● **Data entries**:
%%
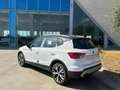 SEAT Arona 1.0 Xperience possibilità noleggio no scoring Wit - thumbnail 4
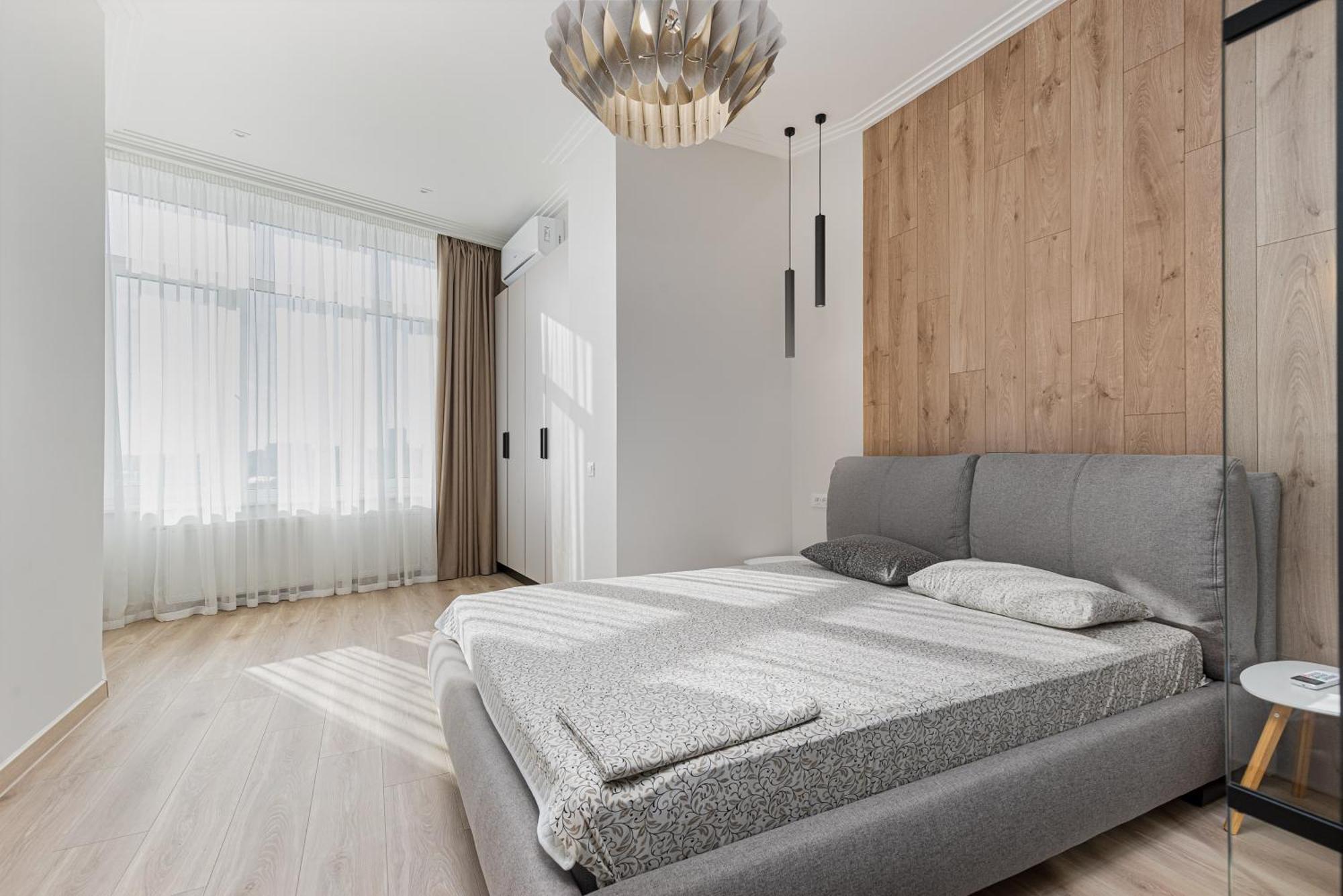 Sea Symphony Luxury Apartments Odesa Exterior photo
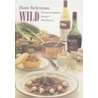 Wild door H. Belterman
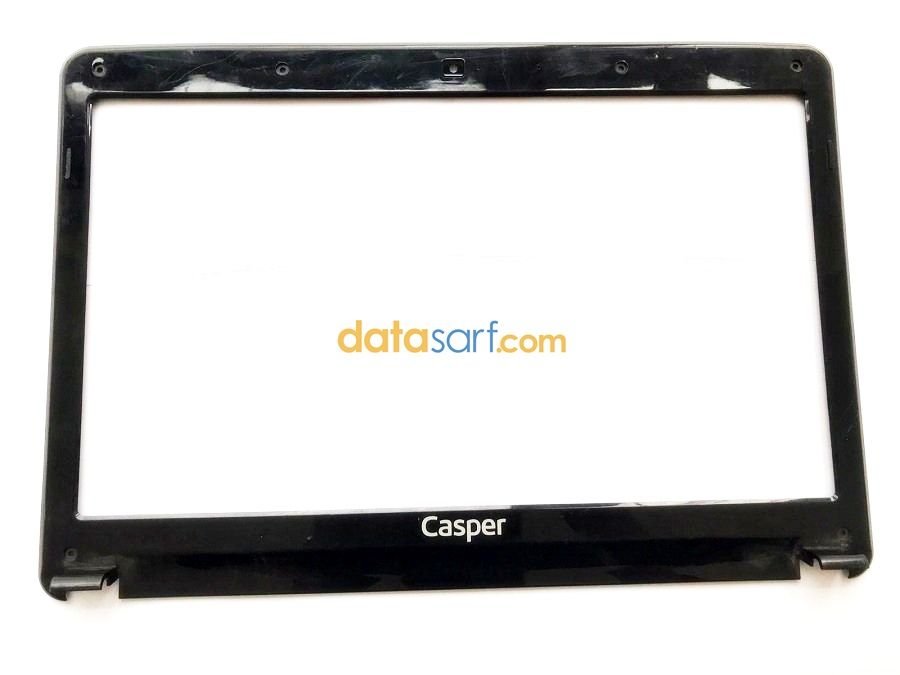 Casper A15 Cne Cnd Cmc Cna Bezel Ön Çerçeve 13n0-Xxa0q11 13n0-Xxa3101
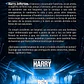 H de Harry - Darlis Stefany - Miniatura 3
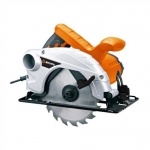 Дисковые пилы купить в Ульяновске каталог с ценами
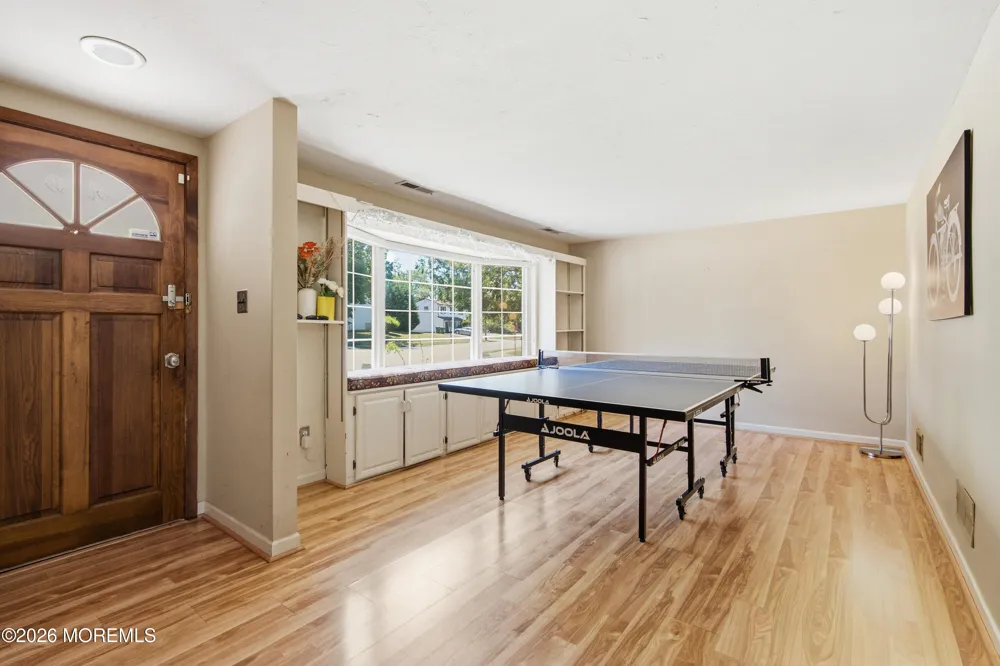 203 Central Avenue Edison, NJ 08817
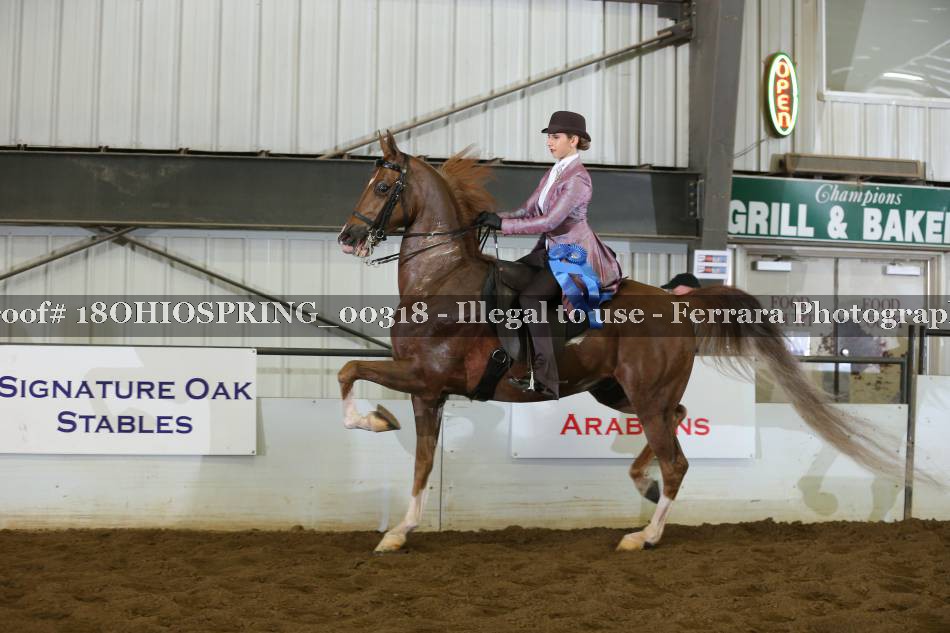 Proof 18OHIOSPRING_00318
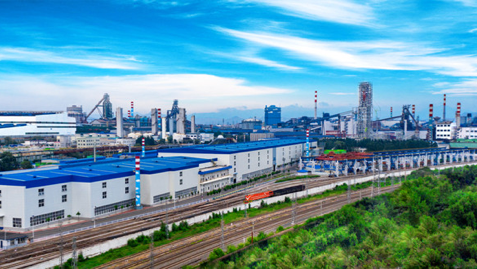 KS凯时·(中国区)官方网站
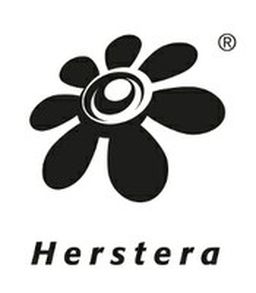 Herstera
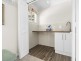 58 Tenth Street, Renmark SA 5341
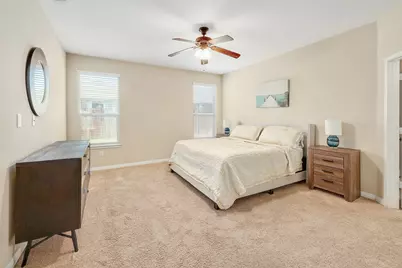 16213 Cantania Cove, Pflugerville, TX 78660 - Photo 15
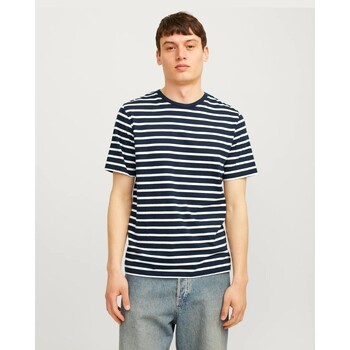 Jack & Jones 12156101 ORGANIC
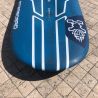 Occasion Starboard X-15 85 - 2025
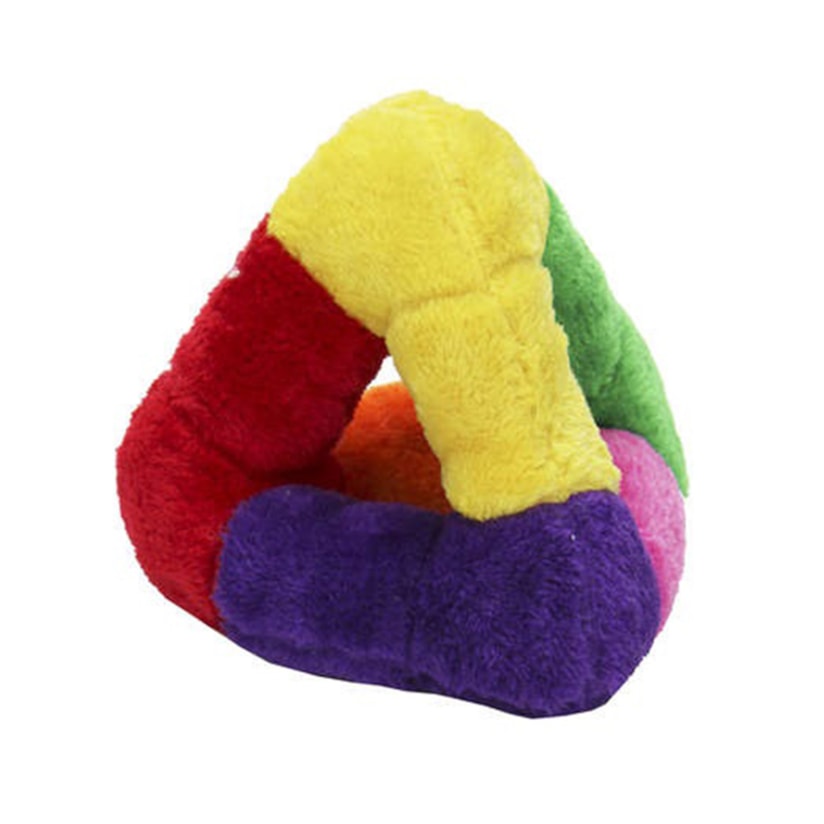 Product main image - 5a78c26f-548e-4c07-85f8-1385b8192d2e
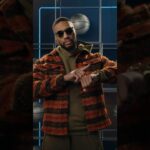 The All-Stars brought the heat upon arrival for the #NBAAllStarGame! ⭐️🔥| #Shorts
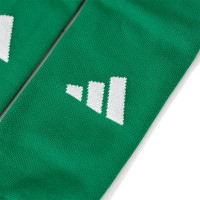 adidas PEC Zwolle Uitsokken 2023-2024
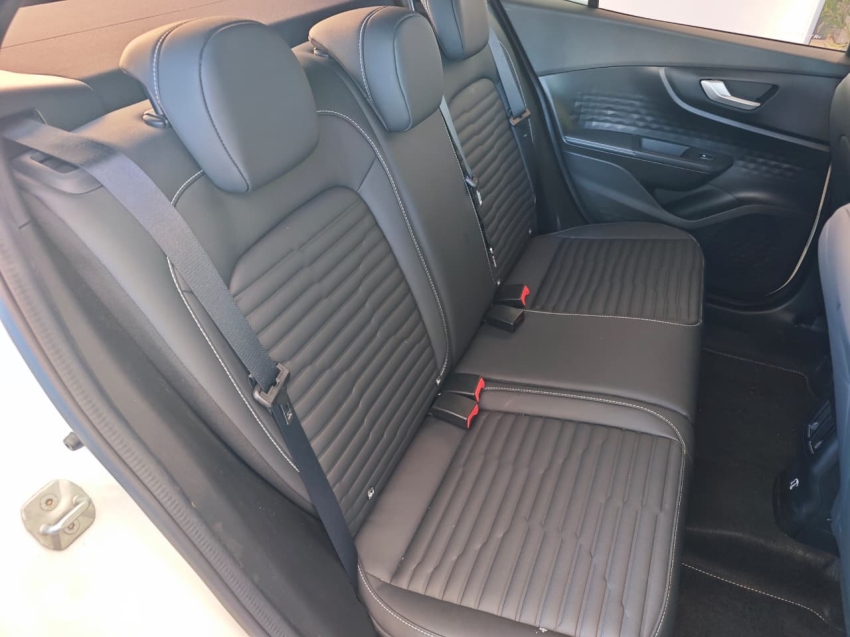 fiat fastback 1.0 turbo 200 flex impetus cvt 4p automatico 202412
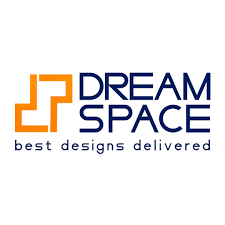 Dream Space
%%
● **Work instruction**: Copy exactly what appears in the entries, beginning with the first line and ending with the line that has "adidas PEC Zwolle Uitsokken 2023-2024", but not the pictures.

● **Result for this exercise**:
 SEAT Arona 1.0 Xperience possibilità noleggio no scoring Wit - thumbnail 4
 Sea Symphony Luxury Apartments Odesa Exterior photo
 Wild door H. Belterman
 Casper A15 Cne Cnd Cmc Cna Bezel Ön Çerçeve 13n0-Xxa0q11 13n0-Xxa3101
 H de Harry - Darlis Stefany - Miniatura 3
 Дисковые пилы купить в Ульяновске каталог с ценами
 203 Central Avenue Edison, NJ 08817
 Proof 18OHIOSPRING_00318
 KS凯时·(中国区)官方网站
 Herstera
 58 Tenth Street, Renmark SA 5341
 16213 Cantania Cove, Pflugerville, TX 78660 - Photo 15
 Jack & Jones 12156101 ORGANIC
 Occasion Starboard X-15 85 - 2025
 Product main image - 5a78c26f-548e-4c07-85f8-1385b8192d2e
 The All-Stars brought the heat upon arrival for the #NBAAllStarGame! ⭐️🔥| #Shorts
 adidas PEC Zwolle Uitsokken 2023-2024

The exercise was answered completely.